Something I read somewhere (lost track of what and when) sparked some modest inquiry into the mathematical concept of magnitude, or more specifically, the order of magnitude. I suspect, consistent with the doomer themes of this blog, that it was a statement to the effect that the sixth extinction (or Holocene extinction if you prefer) is proceeding at some order of magnitude faster than previous mass extinction events.

Within various scientific fields, magnitude has specific and specialized meanings. For instance, the Richter Scale, used to denote the power of earthquakes, is a familiar though poorly understood measure reported in the aftermath of an event. Magnitudes of distance and time are more immediately understood in the mundane sense of how far/long to travel somewhere (via foot, bicycle, car, train, plane, etc.) and more exotically outside Earth orbit as depicted in science fiction. Perhaps the most cognitively accessible illustration of magnitude, however, is scale. Arguably, size (absolute?) and scale (comparative?) are intertwined with distance, or even more broadly, time-space. I’ll leave that discussion to someone who knows better than I do.

All that said, I recalled from boyhood a short film depicting scale in terms of Powers of Ten. Unsurprisingly, I found it on YouTube (embedded below).

Perhaps it’s just my refurbishing of memory, but this film (now video) has a sense of wonder and amazement, sort of like how Disney properties (e.g., films, TV shows, theme parks, merchandise) from the 1960s and 70s retained an innocence from the time when Walt Disney himself was in charge. Early NASA orbital missions and moonshots had that quality, too, but NASA’s wonder years dissipated around the time space shuttles went into service, demonstrating that NASA’s primary objective was neither technical innovation nor exploration anymore but rather commerce, namely, putting satellites into orbit for communications services. Just this past year, the risible U.S. Space Force, wished into existence by 45 single-handedly over all reasonable objections (not unlike the border wall with Mexico), demonstrates a similar loss of innocence. It’s essentially an attempt to patrol and/or weaponize the commons. I’d like to believe that military personnel are dutifully obeying a pointless command from the commander-in-chief and will abandon or scuttle the new military branch once 45 is out of office. Time will tell.

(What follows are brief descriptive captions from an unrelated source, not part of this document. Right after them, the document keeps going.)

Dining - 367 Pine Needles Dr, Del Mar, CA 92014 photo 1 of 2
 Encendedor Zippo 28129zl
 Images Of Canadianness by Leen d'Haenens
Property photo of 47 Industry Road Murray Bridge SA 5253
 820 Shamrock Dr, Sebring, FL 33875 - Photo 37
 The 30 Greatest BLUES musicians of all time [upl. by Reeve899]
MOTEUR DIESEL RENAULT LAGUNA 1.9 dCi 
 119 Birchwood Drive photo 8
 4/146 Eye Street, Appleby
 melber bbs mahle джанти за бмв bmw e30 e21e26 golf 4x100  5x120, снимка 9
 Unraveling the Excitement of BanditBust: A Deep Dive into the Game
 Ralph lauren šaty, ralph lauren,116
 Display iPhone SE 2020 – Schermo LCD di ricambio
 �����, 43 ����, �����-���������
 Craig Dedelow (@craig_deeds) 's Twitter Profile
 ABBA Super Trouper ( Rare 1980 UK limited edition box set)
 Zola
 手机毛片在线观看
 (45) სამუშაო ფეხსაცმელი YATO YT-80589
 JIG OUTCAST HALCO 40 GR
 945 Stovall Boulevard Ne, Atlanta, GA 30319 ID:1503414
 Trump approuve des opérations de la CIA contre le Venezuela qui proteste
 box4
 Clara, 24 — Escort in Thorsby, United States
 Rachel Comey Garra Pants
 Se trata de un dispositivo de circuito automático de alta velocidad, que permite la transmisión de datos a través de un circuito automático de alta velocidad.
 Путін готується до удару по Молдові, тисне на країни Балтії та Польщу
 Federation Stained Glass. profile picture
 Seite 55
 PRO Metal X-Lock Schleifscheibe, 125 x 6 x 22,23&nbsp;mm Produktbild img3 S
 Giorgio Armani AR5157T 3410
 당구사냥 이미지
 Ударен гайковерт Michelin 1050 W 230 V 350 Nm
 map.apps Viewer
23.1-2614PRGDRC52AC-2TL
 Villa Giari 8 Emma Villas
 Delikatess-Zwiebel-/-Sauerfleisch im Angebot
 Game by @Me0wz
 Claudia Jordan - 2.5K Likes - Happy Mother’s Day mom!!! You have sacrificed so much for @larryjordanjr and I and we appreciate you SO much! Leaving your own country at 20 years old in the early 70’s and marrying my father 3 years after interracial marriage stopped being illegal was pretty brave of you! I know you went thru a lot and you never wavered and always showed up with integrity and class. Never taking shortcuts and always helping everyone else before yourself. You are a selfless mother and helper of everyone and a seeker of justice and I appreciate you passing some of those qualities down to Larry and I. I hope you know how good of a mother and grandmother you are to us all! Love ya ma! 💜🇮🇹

Loss of innocence may be inevitable in the postmodern world given our jadedness, cynicism, and oh-so-hip ironic detachment. It’s not a good look on us. For instance, once Disney went corporate, the aesthetic pioneered and guided by old Walt changed for the worse. Relatively recent acquisitions of Pixar, Marvel, and Star Wars (among others) and expansion of theme parks and resorts reveal an entertainment behemoth geared more cynically toward money-making than artistry or inspiration. The apparent insufficiency of earlier incarnations of NASA and Disney find a parallel with an updated version of Powers of Ten (not embedded), narrated by Morgan Freeman (because … why not?) and using the same basic script but employing whiz-bang graphics considerably enhanced over their 1977 counterparts. Even the pop-culture digital network Buzzfeed (not exactly a venerated news source) gets some action with its derivative, examination-lite of cosmic scale (ignoring the microscopic and subatomic):

Going back to the idea of magnitude, I’m aware of four time-scales in common use: human history, evolutionary time, geological time, and cosmic time. Few contextualize the last 2–3 centuries this way, but human activity has had substantial effects that collapse events usually occurring over evolutionary or geological time into human history. We unwittingly launched a grand terraforming project but have yet to demonstrate overriding care for the eventual outcomes. The, um, magnitude of our error cannot be overstated.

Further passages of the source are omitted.